▸ **SUPPLIED INFORMATION**:
=== Section Start ===
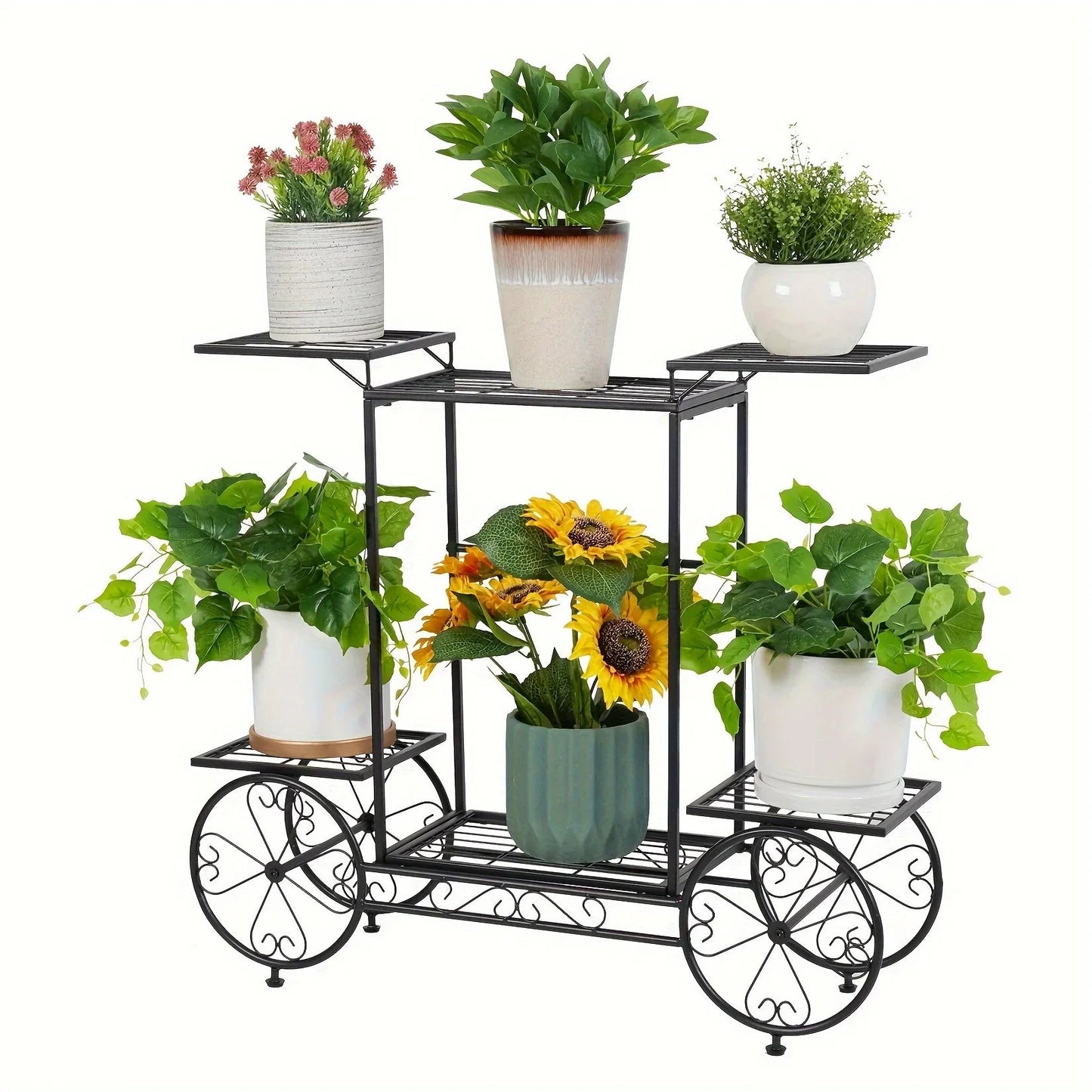 6-Tier Metal Garden Cart Plant Stand Iron Flower Display Rack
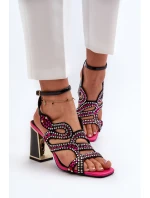 Zdobione Sandały Damskie Na Słupku D&A CR952 Czarne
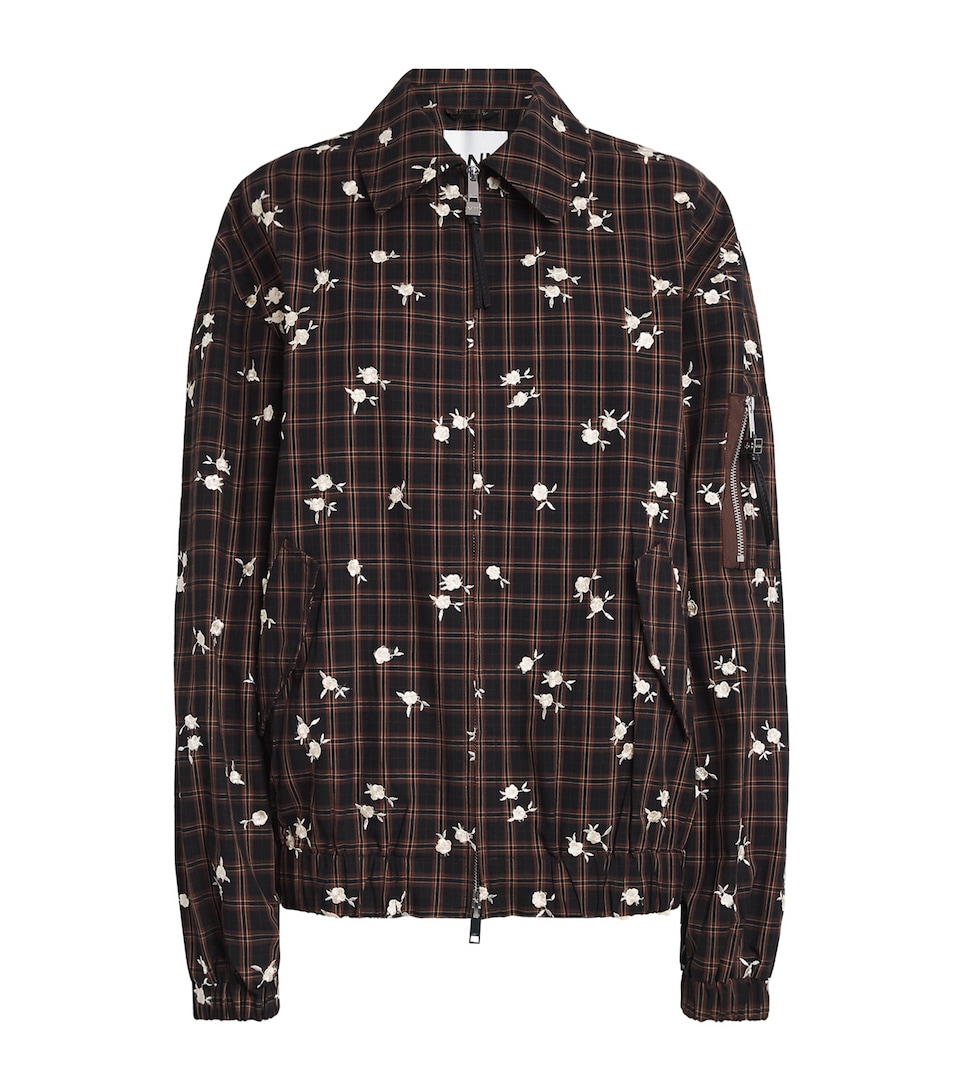 GANNI Womens Check Printed Bomber Jacket Cappuccino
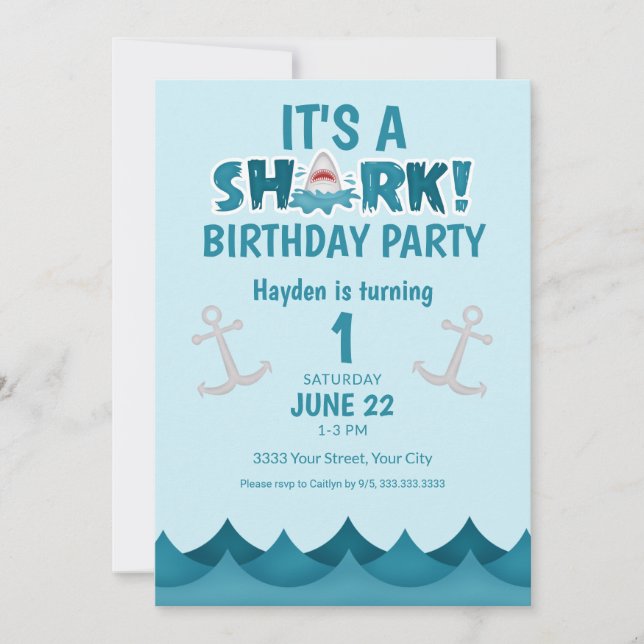 Ocean Shark 1er Birthday Invitation (Devant)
=== Section End ===
The listing is to be repeated word for word, with all pictures omitted.

 6-Tier Metal Garden Cart Plant Stand Iron Flower Display Rack
 Zdobione Sandały Damskie Na Słupku D&A CR952 Czarne
 GANNI Womens Check Printed Bomber Jacket Cappuccino
 Ocean Shark 1er Birthday Invitation (Devant)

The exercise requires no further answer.